## EXERCISE OBJECTIVE
Give a verbatim repeat of the lines that run from the line containing "SAITO Professional - Premiumfutter" to the end of the data below.

--- START ---

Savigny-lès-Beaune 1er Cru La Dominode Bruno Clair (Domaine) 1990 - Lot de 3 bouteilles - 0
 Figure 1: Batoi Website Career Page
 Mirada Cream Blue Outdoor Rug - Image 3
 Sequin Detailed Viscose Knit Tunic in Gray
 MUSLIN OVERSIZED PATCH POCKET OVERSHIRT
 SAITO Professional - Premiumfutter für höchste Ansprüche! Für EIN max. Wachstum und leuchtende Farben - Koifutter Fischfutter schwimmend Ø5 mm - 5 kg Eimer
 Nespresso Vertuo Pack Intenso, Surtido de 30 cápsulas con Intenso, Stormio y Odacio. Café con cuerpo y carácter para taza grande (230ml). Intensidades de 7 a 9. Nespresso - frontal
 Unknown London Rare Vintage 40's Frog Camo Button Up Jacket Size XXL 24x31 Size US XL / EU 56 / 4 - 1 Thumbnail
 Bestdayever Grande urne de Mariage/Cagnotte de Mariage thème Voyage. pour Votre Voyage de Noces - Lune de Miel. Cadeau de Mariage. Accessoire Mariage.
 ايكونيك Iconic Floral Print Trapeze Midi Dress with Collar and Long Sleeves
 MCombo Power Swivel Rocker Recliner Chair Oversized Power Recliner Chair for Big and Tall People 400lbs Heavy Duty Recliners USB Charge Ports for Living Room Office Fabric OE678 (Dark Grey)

--- END ---

## COMPLETED TASK
 SAITO Professional - Premiumfutter für höchste Ansprüche! Für EIN max. Wachstum und leuchtende Farben - Koifutter Fischfutter schwimmend Ø5 mm - 5 kg Eimer
 Nespresso Vertuo Pack Intenso, Surtido de 30 cápsulas con Intenso, Stormio y Odacio. Café con cuerpo y carácter para taza grande (230ml). Intensidades de 7 a 9. Nespresso - frontal
 Unknown London Rare Vintage 40's Frog Camo Button Up Jacket Size XXL 24x31 Size US XL / EU 56 / 4 - 1 Thumbnail
 Bestdayever Grande urne de Mariage/Cagnotte de Mariage thème Voyage. pour Votre Voyage de Noces - Lune de Miel. Cadeau de Mariage. Accessoire Mariage.
 ايكونيك Iconic Floral Print Trapeze Midi Dress with Collar and Long Sleeves
 MCombo Power Swivel Rocker Recliner Chair Oversized Power Recliner Chair for Big and Tall People 400lbs Heavy Duty Recliners USB Charge Ports for Living Room Office Fabric OE678 (Dark Grey)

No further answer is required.